*** Data section

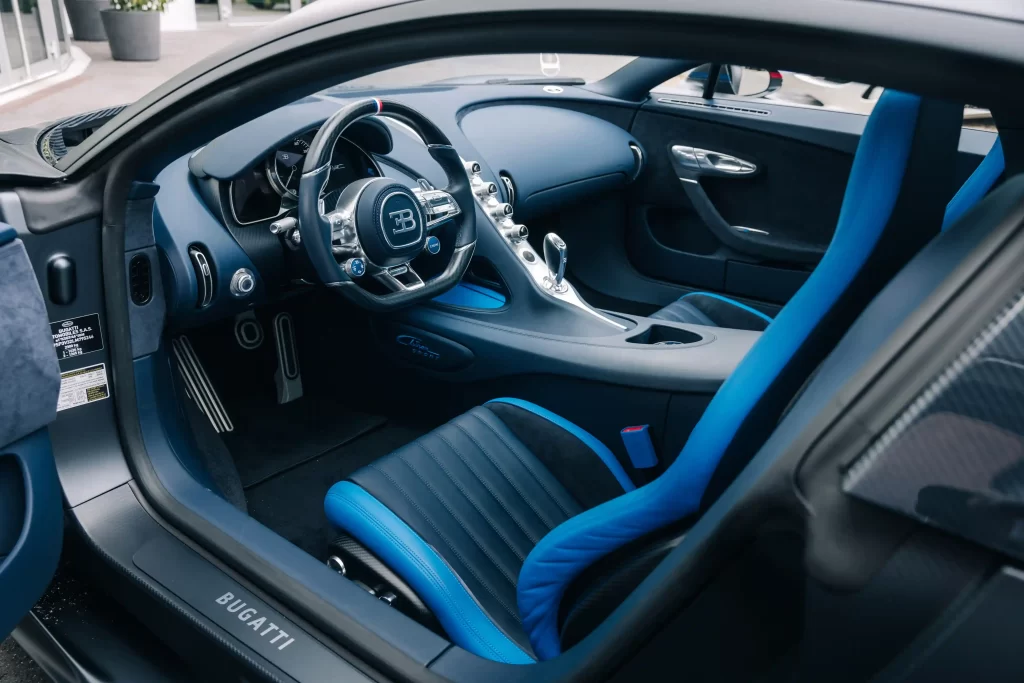 Rare 260mph Bugatti Chiron Sport, one of only 20 made, up for auction at £3.2 million. The 2019 110 Ans Bugatti edition boasts an 8-litre W-16 engine and luxurious design.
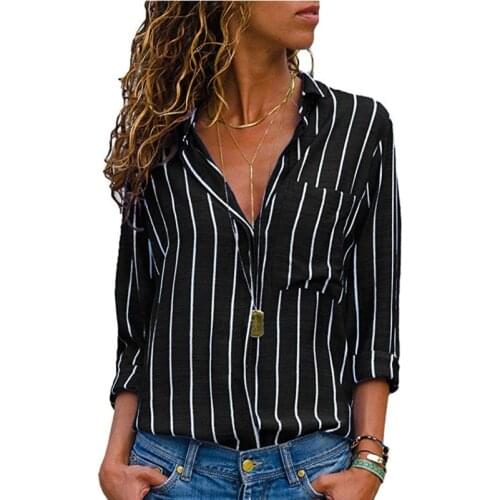 Stripe Turn-down Collar Womens Shirts 2021 New Fashion Casual Bodycon Solid Long Sleeve Pocket Buttons Ladies Shirts Plus Size
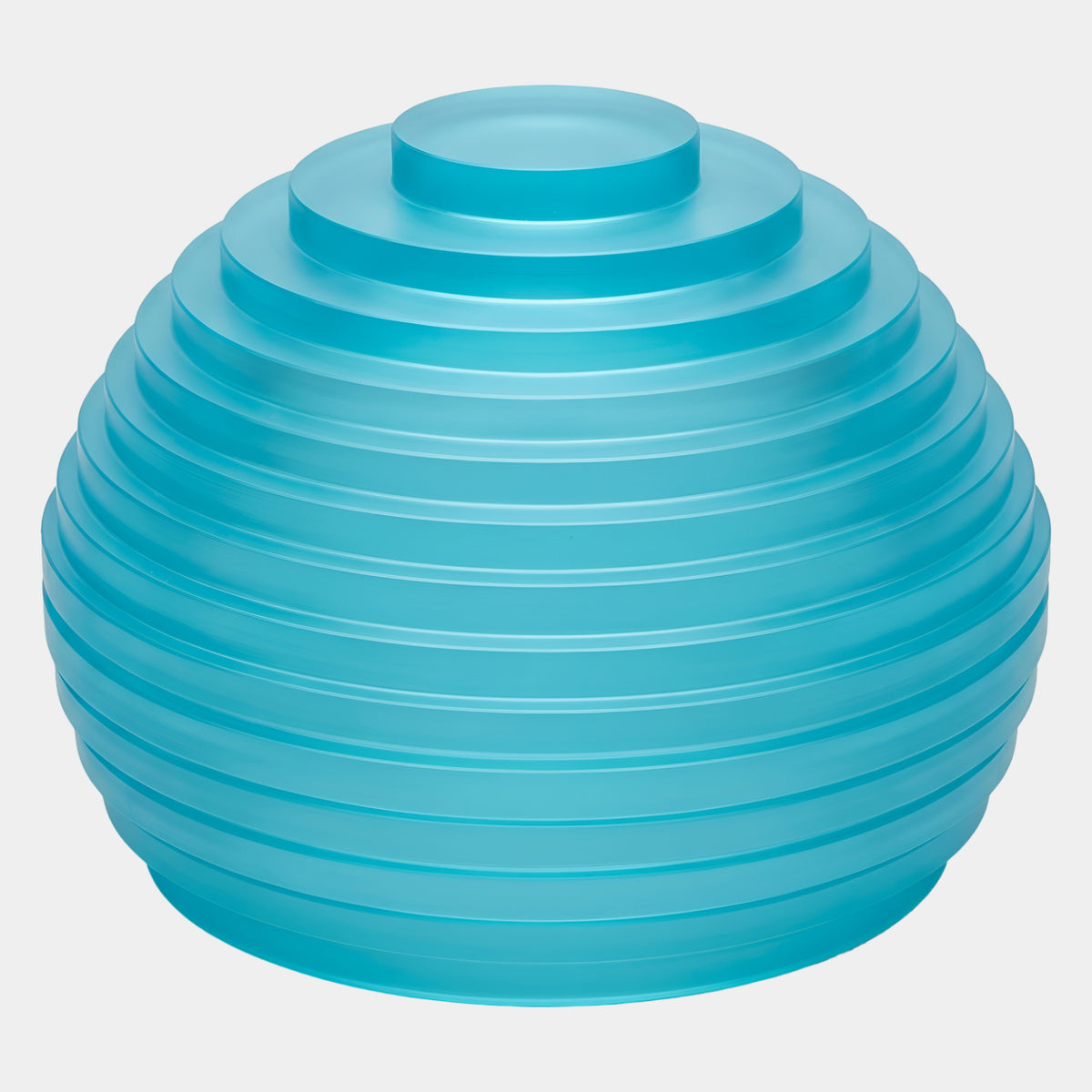 Frosted Teal Stepped Globe Acrylic Sculpture - 45cm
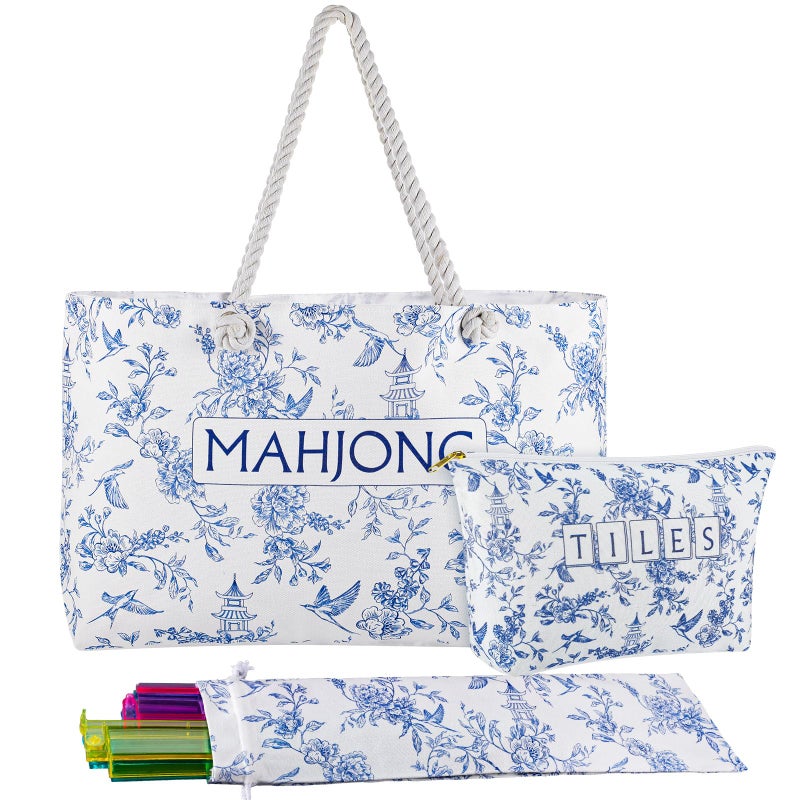 Sunnymove Empty Mahjong Bags Set for Tiles and Racks 24x13 Inch American Mahjong Carrying Bag Tote Tiles Bag Drawstring Protective Sleeve for Rack Pusher Party Travel, Case Only(Classic Chinoiserie) - Image 1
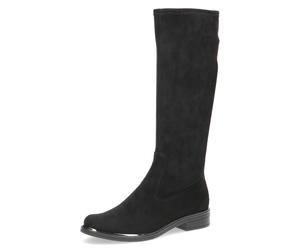 Schlupfstiefel CAPRICE, Damen, Gr. 36, XS-Schaft, schwarz, Textil, unifarben, Schuhe Schlupfstiefel, Blockabsatz, Langschaftstiefel in klassischer Linie, XS Schaft (58474855-36) schwarz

******

> _Exercise_: Each entry is to be returned as it stands, and each picture is to be left out.

> _Solution for this problem_:
 Rare 260mph Bugatti Chiron Sport, one of only 20 made, up for auction at £3.2 million. The 2019 110 Ans Bugatti edition boasts an 8-litre W-16 engine and luxurious design.
 Stripe Turn-down Collar Womens Shirts 2021 New Fashion Casual Bodycon Solid Long Sleeve Pocket Buttons Ladies Shirts Plus Size
 Frosted Teal Stepped Globe Acrylic Sculpture - 45cm
 Sunnymove Empty Mahjong Bags Set for Tiles and Racks 24x13 Inch American Mahjong Carrying Bag Tote Tiles Bag Drawstring Protective Sleeve for Rack Pusher Party Travel, Case Only(Classic Chinoiserie) - Image 1
 Schlupfstiefel CAPRICE, Damen, Gr. 36, XS-Schaft, schwarz, Textil, unifarben, Schuhe Schlupfstiefel, Blockabsatz, Langschaftstiefel in klassischer Linie, XS Schaft (58474855-36) schwarz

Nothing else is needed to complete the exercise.